"""

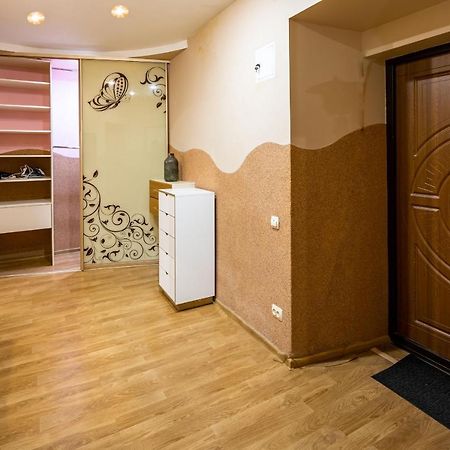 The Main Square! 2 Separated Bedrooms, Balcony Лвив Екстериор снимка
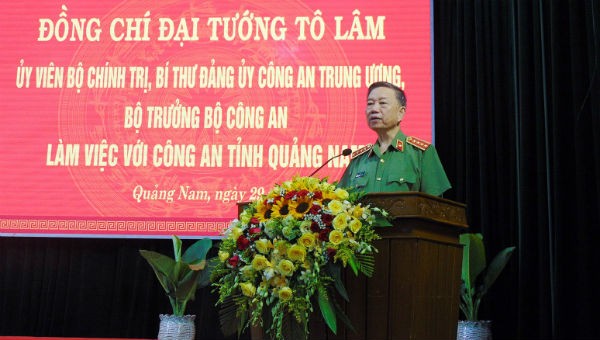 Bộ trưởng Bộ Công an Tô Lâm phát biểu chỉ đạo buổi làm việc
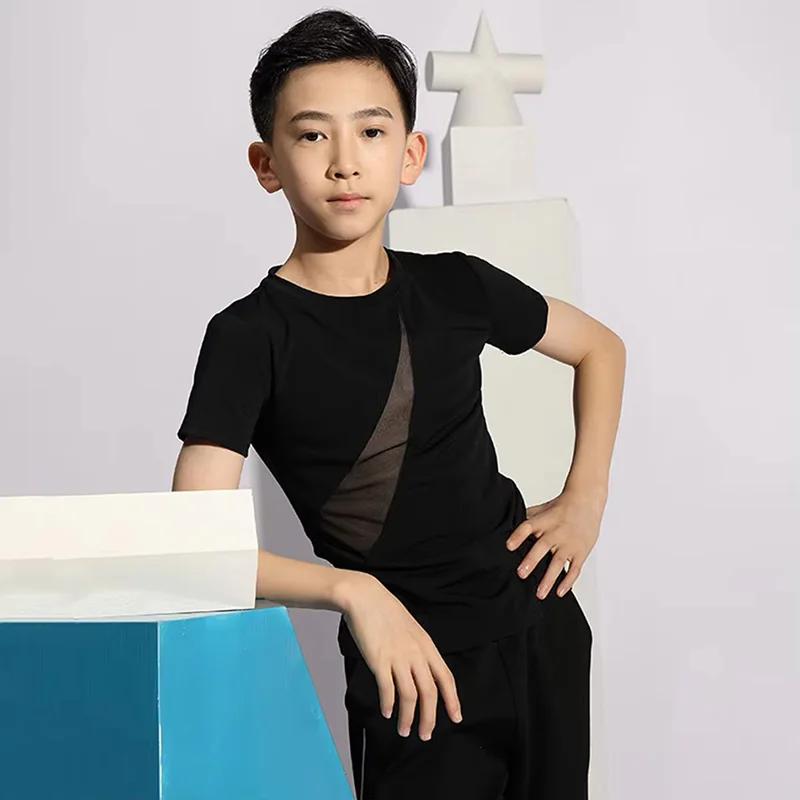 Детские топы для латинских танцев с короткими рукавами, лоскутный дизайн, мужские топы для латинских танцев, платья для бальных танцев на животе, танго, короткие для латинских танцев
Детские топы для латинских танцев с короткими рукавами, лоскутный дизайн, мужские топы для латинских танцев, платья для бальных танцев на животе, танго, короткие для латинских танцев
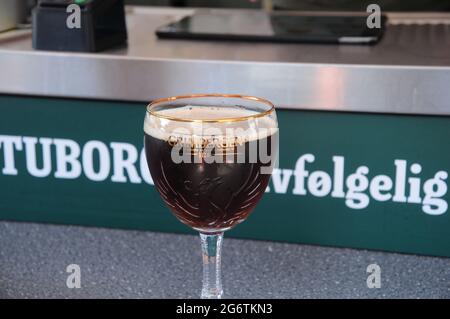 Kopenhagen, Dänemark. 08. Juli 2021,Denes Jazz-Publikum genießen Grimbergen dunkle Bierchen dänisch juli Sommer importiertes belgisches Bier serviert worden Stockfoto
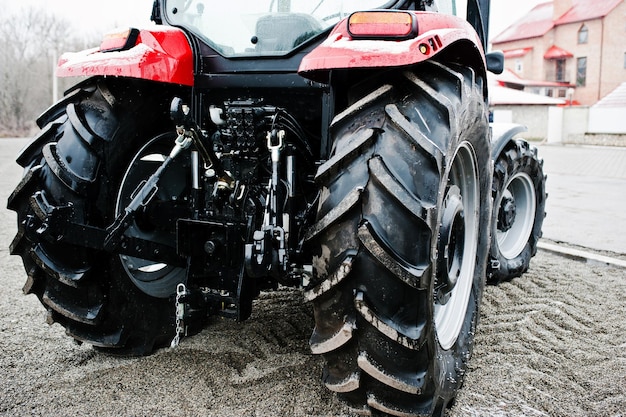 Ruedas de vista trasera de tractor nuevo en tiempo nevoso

"""

● **PROBLEM TO SOLVE**: Leave the pictures out. Output exactly, and only, the lines from the one with "Bộ trưởng Bộ" through the last line of the listing above, both included.

● **EXERCISE ANSWER**:
 Bộ trưởng Bộ Công an Tô Lâm phát biểu chỉ đạo buổi làm việc
 Детские топы для латинских танцев с короткими рукавами, лоскутный дизайн, мужские топы для латинских танцев, платья для бальных танцев на животе, танго, короткие для латинских танцев
Детские топы для латинских танцев с короткими рукавами, лоскутный дизайн, мужские топы для латинских танцев, платья для бальных танцев на животе, танго, короткие для латинских танцев
 Kopenhagen, Dänemark. 08. Juli 2021,Denes Jazz-Publikum genießen Grimbergen dunkle Bierchen dänisch juli Sommer importiertes belgisches Bier serviert worden Stockfoto
 Ruedas de vista trasera de tractor nuevo en tiempo nevoso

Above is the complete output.